Among the records below, find the line with "Hi, in today's" and the line with "Tip number 3: Remove". Set down both and every line between, exactly and with no pictures, but nothing else.

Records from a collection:
━━━━━━━━━━━━━━━━

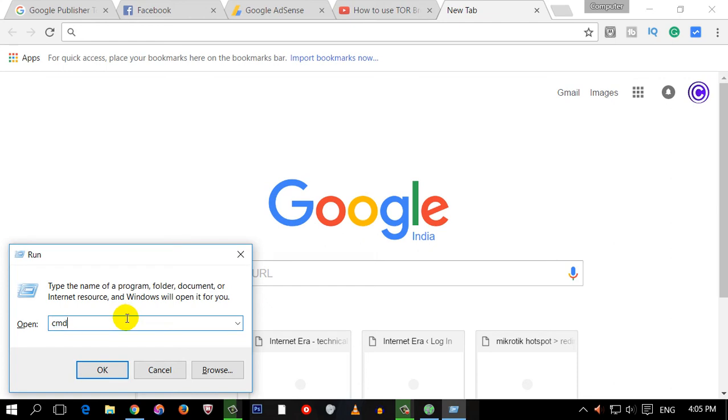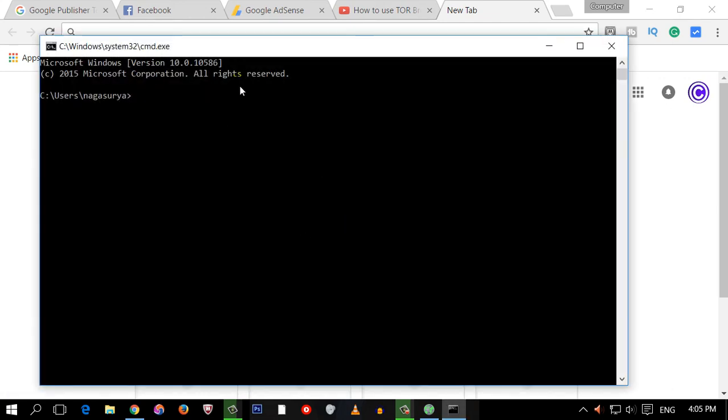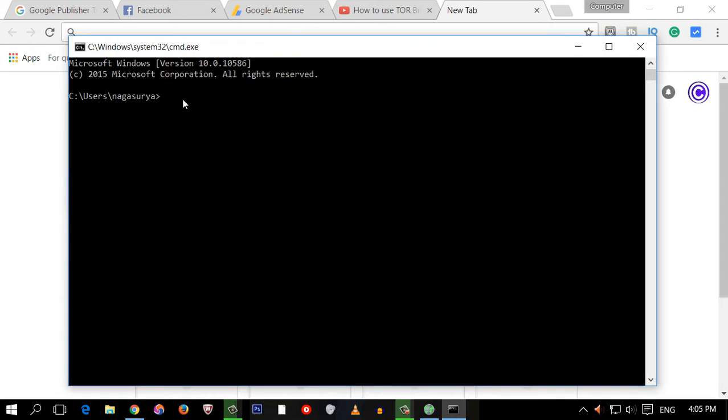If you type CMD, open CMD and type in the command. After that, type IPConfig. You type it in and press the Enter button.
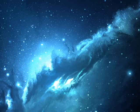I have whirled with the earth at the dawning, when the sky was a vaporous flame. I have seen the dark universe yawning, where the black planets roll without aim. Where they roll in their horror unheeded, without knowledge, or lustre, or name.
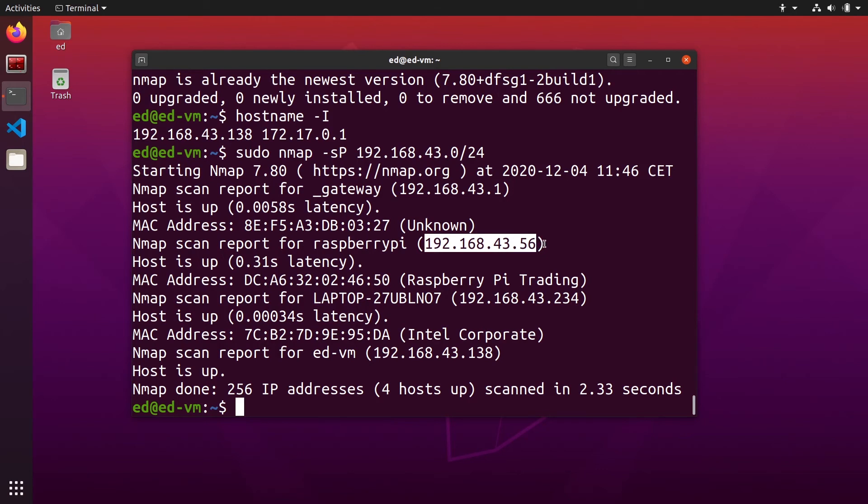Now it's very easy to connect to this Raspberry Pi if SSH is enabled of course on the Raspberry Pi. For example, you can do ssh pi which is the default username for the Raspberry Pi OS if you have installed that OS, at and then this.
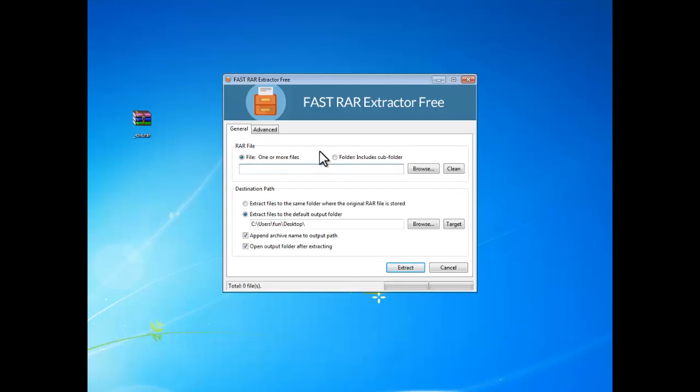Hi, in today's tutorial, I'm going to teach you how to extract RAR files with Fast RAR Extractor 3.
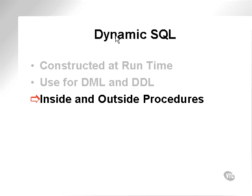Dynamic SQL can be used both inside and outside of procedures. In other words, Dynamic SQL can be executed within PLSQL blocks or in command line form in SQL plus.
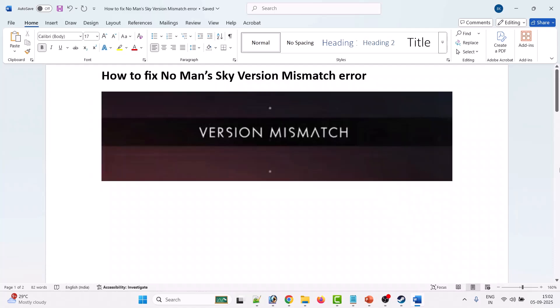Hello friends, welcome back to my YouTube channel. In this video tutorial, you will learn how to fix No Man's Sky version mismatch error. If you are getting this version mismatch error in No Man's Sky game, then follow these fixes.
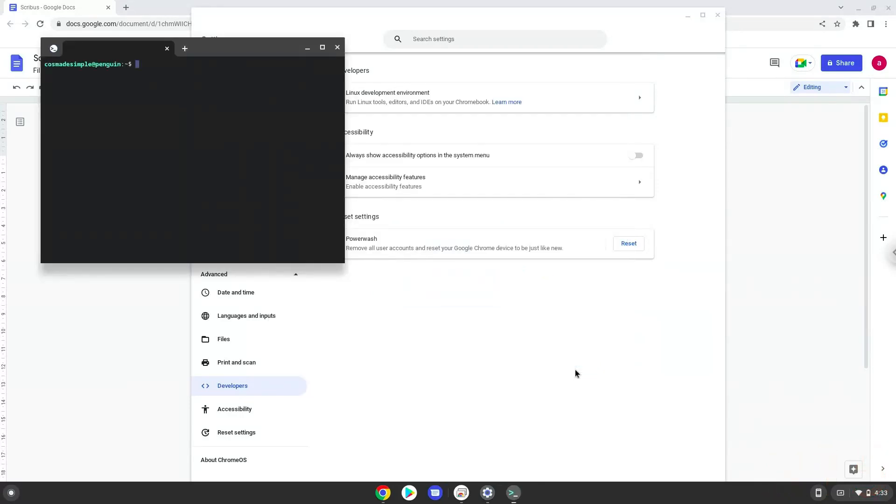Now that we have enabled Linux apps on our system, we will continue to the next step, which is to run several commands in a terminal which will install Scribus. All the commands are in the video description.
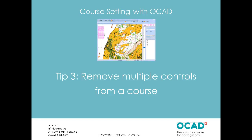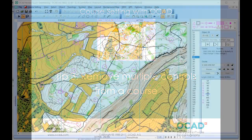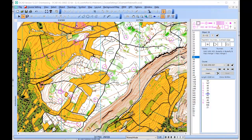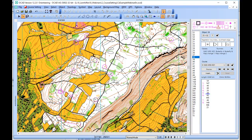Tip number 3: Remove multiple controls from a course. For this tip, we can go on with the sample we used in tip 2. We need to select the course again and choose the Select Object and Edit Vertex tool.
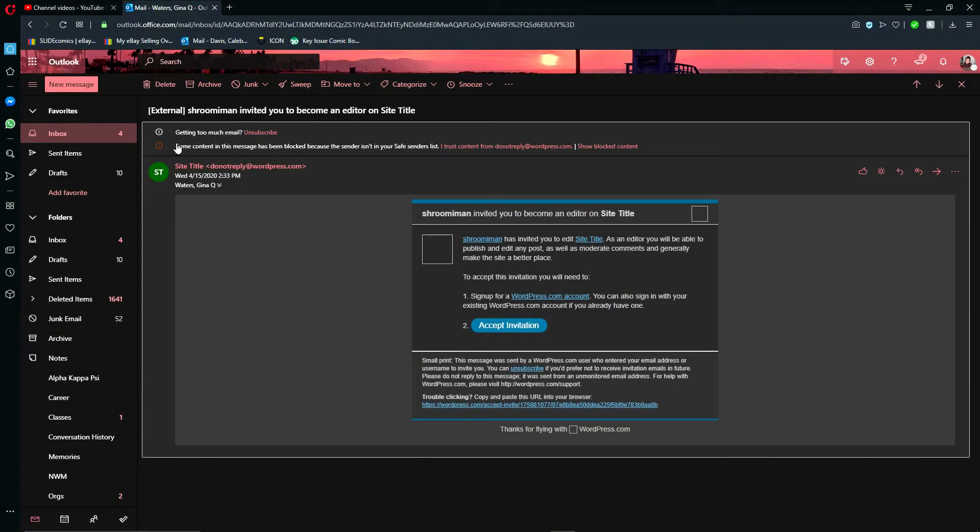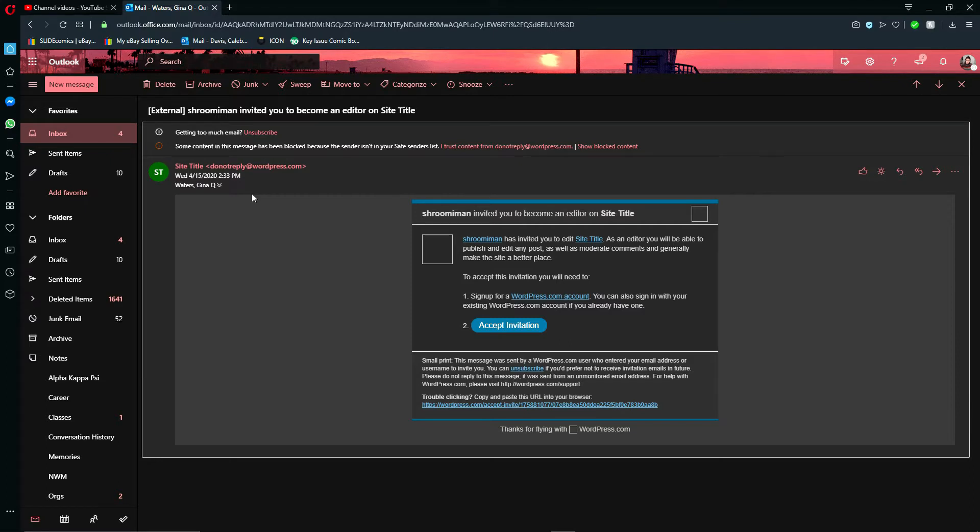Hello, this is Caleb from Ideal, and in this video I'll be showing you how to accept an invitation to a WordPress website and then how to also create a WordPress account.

━━━━━━━━━━━━━━━━

## Exercise output:
Hi, in today's tutorial, I'm going to teach you how to extract RAR files with Fast RAR Extractor 3.
Dynamic SQL can be used both inside and outside of procedures. In other words, Dynamic SQL can be executed within PLSQL blocks or in command line form in SQL plus.
Hello friends, welcome back to my YouTube channel. In this video tutorial, you will learn how to fix No Man's Sky version mismatch error. If you are getting this version mismatch error in No Man's Sky game, then follow these fixes.
Now that we have enabled Linux apps on our system, we will continue to the next step, which is to run several commands in a terminal which will install Scribus. All the commands are in the video description.
Tip number 3: Remove multiple controls from a course. For this tip, we can go on with the sample we used in tip 2. We need to select the course again and choose the Select Object and Edit Vertex tool.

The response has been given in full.